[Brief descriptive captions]
= = = =

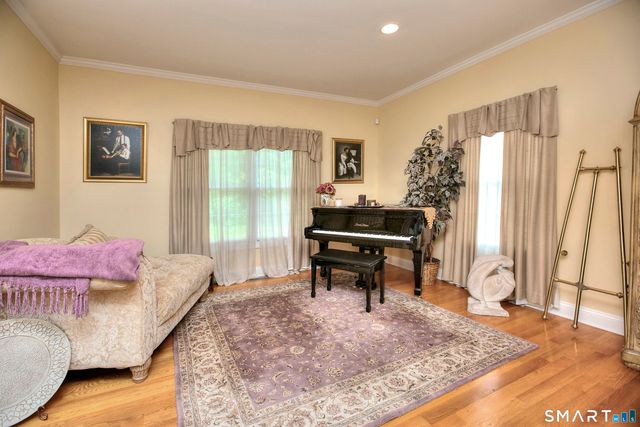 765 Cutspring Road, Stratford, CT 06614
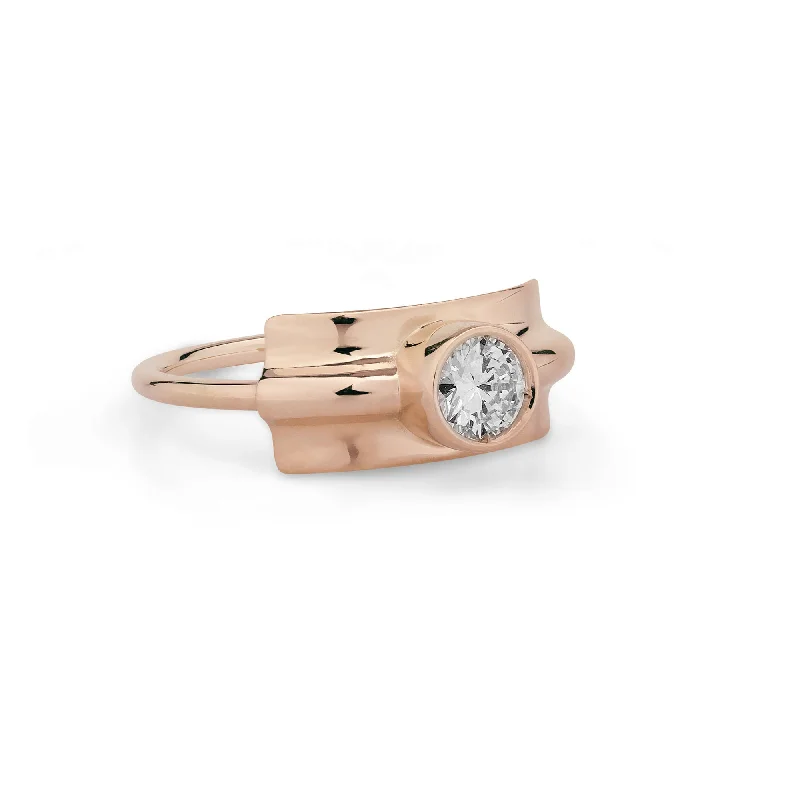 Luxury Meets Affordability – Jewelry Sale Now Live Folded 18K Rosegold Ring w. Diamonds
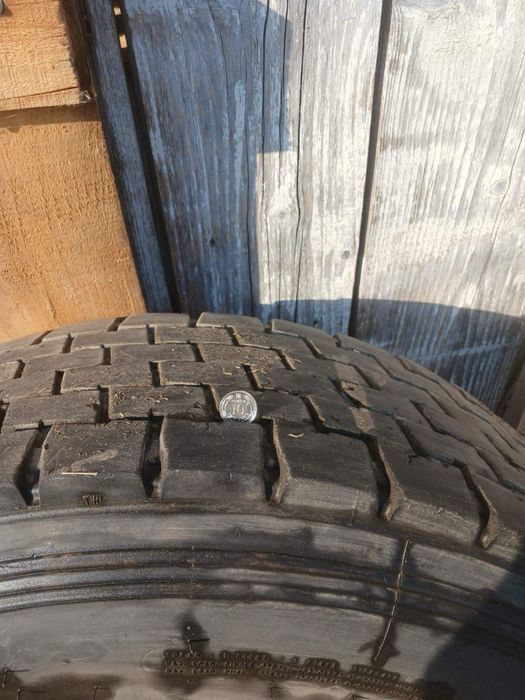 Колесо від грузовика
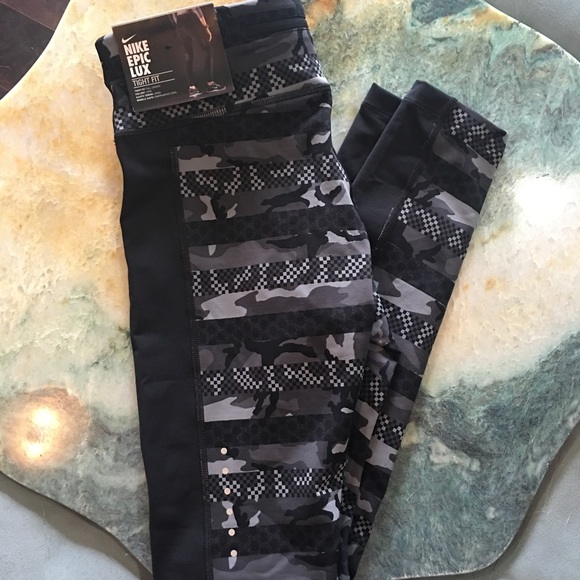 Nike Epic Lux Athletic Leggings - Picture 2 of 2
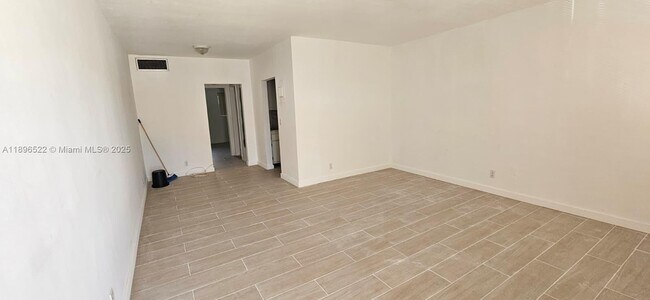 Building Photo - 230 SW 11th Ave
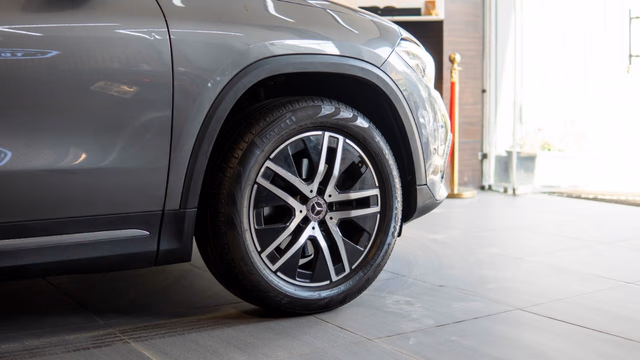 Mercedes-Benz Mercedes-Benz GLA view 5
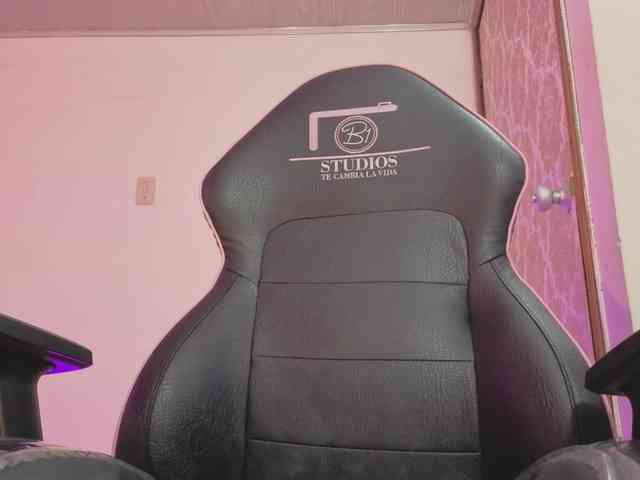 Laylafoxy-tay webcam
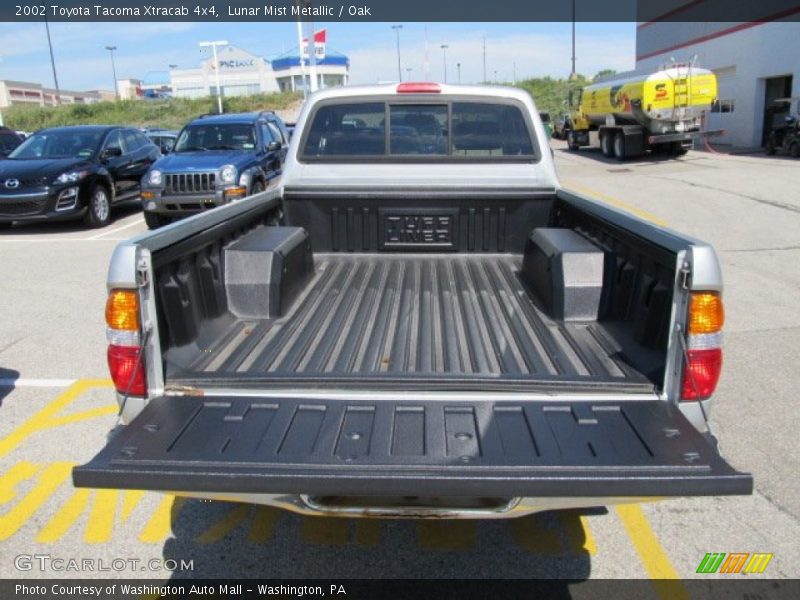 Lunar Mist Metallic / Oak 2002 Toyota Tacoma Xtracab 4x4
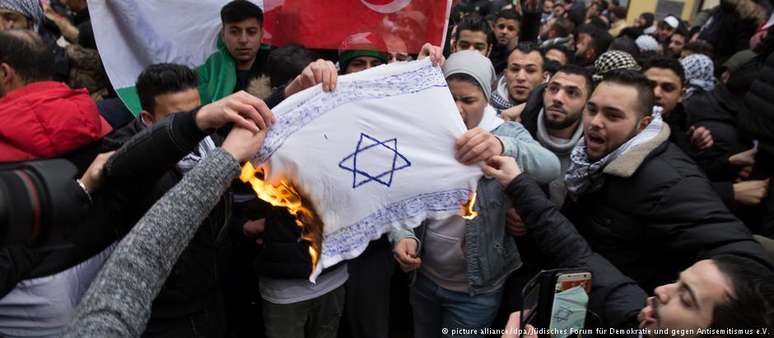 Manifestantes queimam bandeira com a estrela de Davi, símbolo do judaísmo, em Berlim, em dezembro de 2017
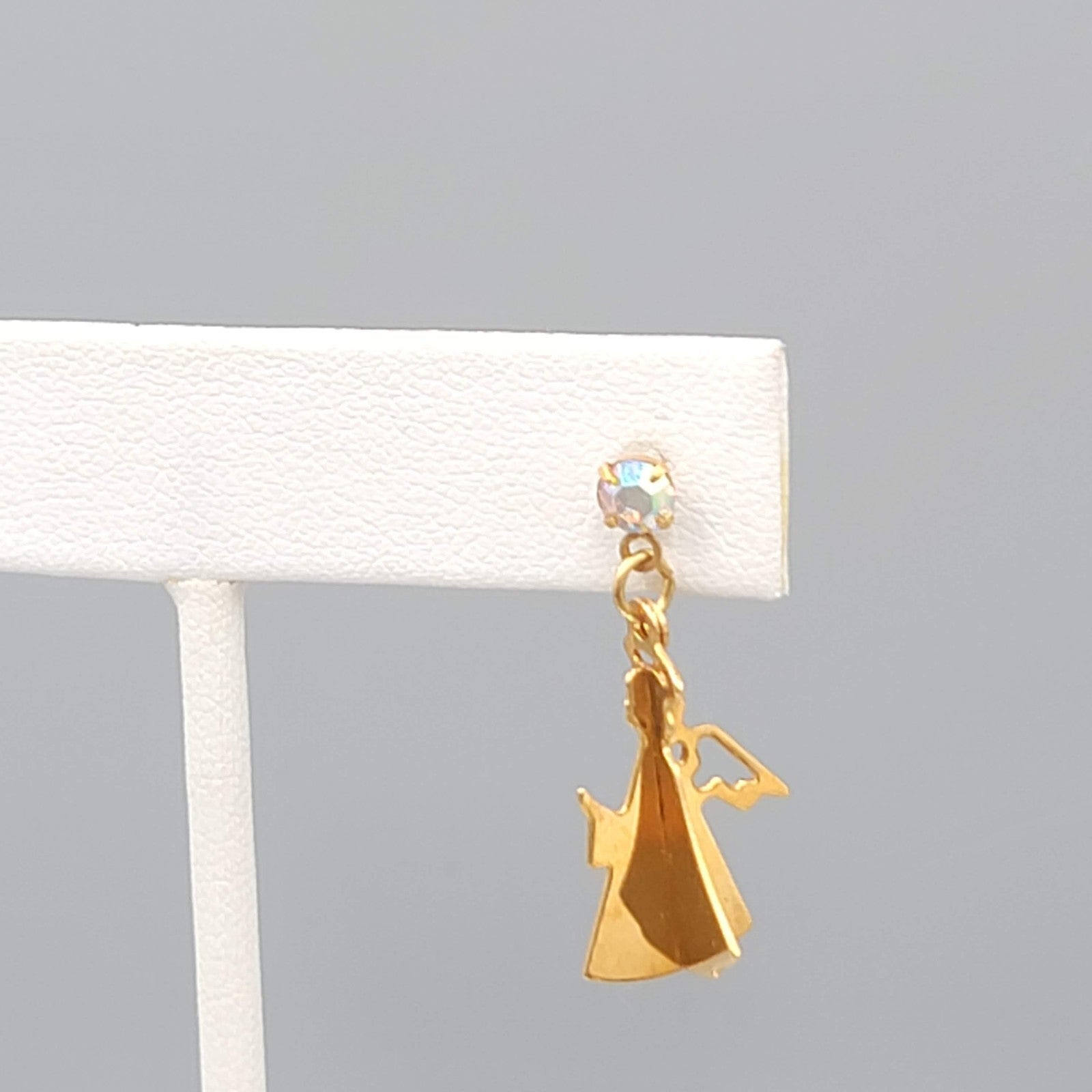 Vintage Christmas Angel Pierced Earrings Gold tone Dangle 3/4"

= = = =

ACTIVITY :: Only the lines from the one containing "Mercedes-Benz Mercedes-Benz GLA view 5" through the final line of the records should be transcribed, exactly and with no pictures.

REPLY ::
 Mercedes-Benz Mercedes-Benz GLA view 5
 Laylafoxy-tay webcam
 Lunar Mist Metallic / Oak 2002 Toyota Tacoma Xtracab 4x4
 Manifestantes queimam bandeira com a estrela de Davi, símbolo do judaísmo, em Berlim, em dezembro de 2017
 Vintage Christmas Angel Pierced Earrings Gold tone Dangle 3/4"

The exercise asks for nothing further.